The ASU team will compete in a fast-paced buzzer question-and-answer game that combines academics, pop culture, African-American history and sports in a format emphasizing quick recall. The team has the opportunity to win the HCASC top prize – a $75,000 institutional grant from Honda.

The four-member team will match their intellect with 48 Historically Black Colleges and Universities (HBCUs)  across the country,  including  Bowie State University, Cheyney University Of Pennsylvania, Howard University, Lincoln University of Pennsylvania, Morgan State University, the University of Maryland Eastern Shore and the University of the District of Columbia.

To prepare for the nationals, the ASU team will study two to three times a week with resource materials, books and games, in addition to scrimmaging with other nearby institutions.  

Hill noted that the quiz bowl team is always recruiting new members.

“It is more of a club than an exclusive organization,” Hill said. “Historically, only the honors students were aware of its existence, but we take anyone who likes trivia and competition.  There is also scholarship money available.”  

Honda established the Honda Campus All Star Challenge in 1989 as a way to highlight and recognize the academic talents of HBCU students. More than $9 million in grants from Honda have provided support for books and tuition, scholarships, enhancement of student programs and other investments to improve campus facilities.
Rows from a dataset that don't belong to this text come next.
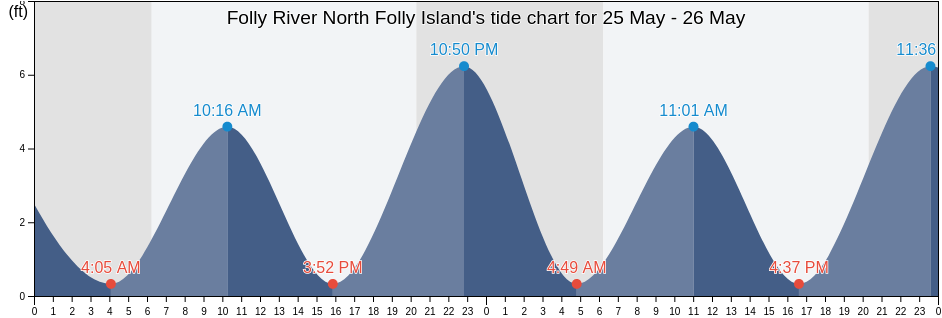 Folly River North Folly Island, Charleston County, South Carolina, United States tide chart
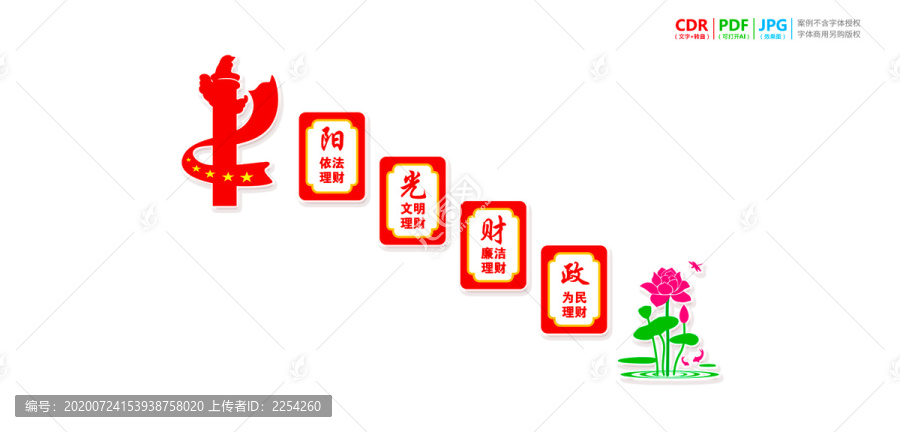 財政樓梯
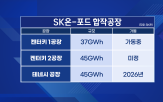 SK온,포드,배터리,전기차,SK이노베이션,부채,기자,SK온이,미국,공장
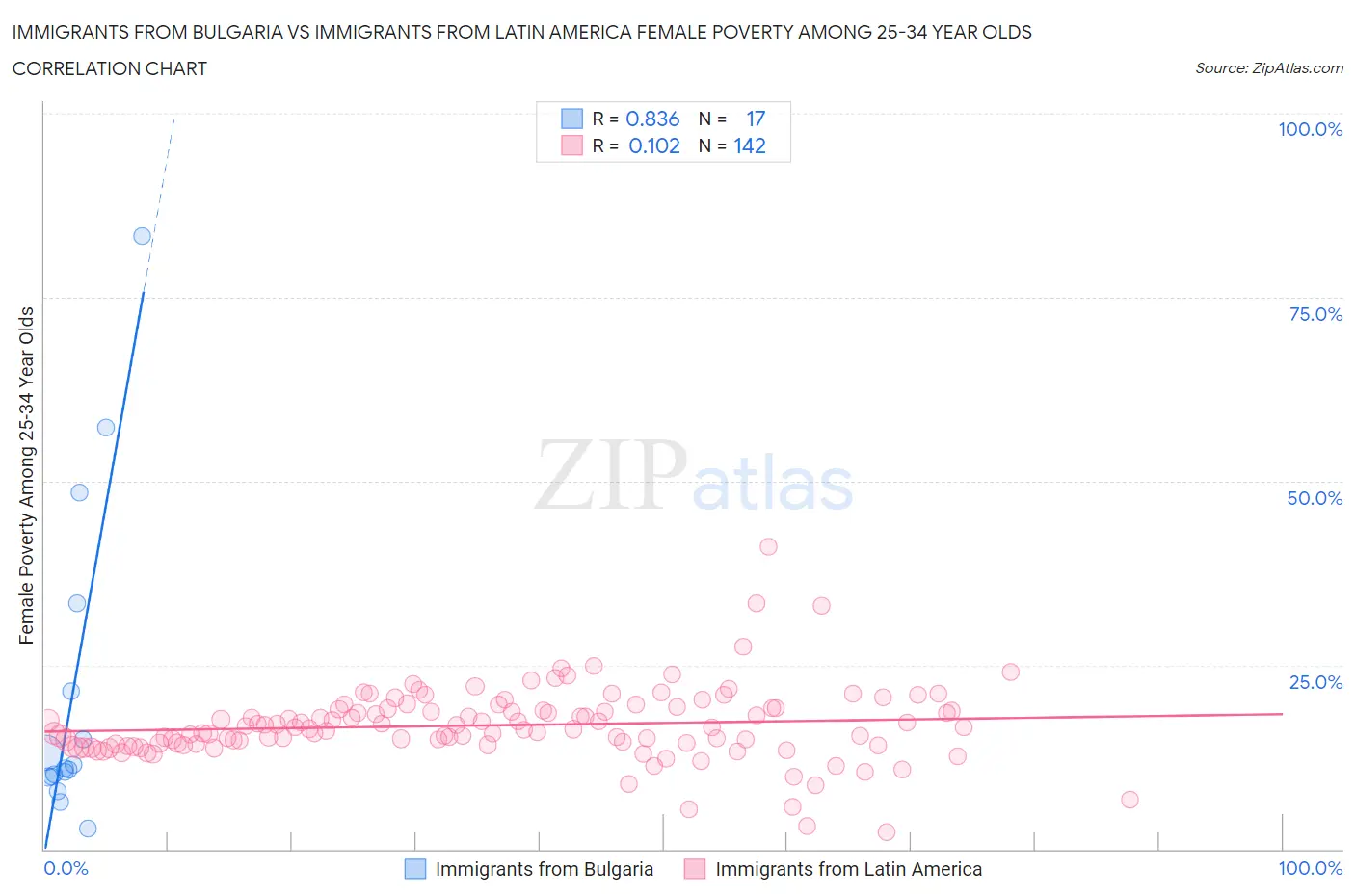 Immigrants from Bulgaria vs Immigrants from Latin America Female Poverty Among 25-34 Year Olds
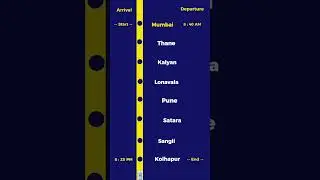 #mumbai to kolhapur koyana train Time table 2025#indiantrain #mahalaxmiexprees#koyanaexpress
“I cannot express my appreciation enough toward American Honda for working with so many HBCUs over the past three decades,” Hill said.  “Their generosity has allowed countless students not only academic opportunities, but a community of connections that is as strong as any other organization I've seen.  I am proud to have worked with the program for the past five years, and I look forward to seeing Honda help future generation of students build careers, lives, and families through its program.”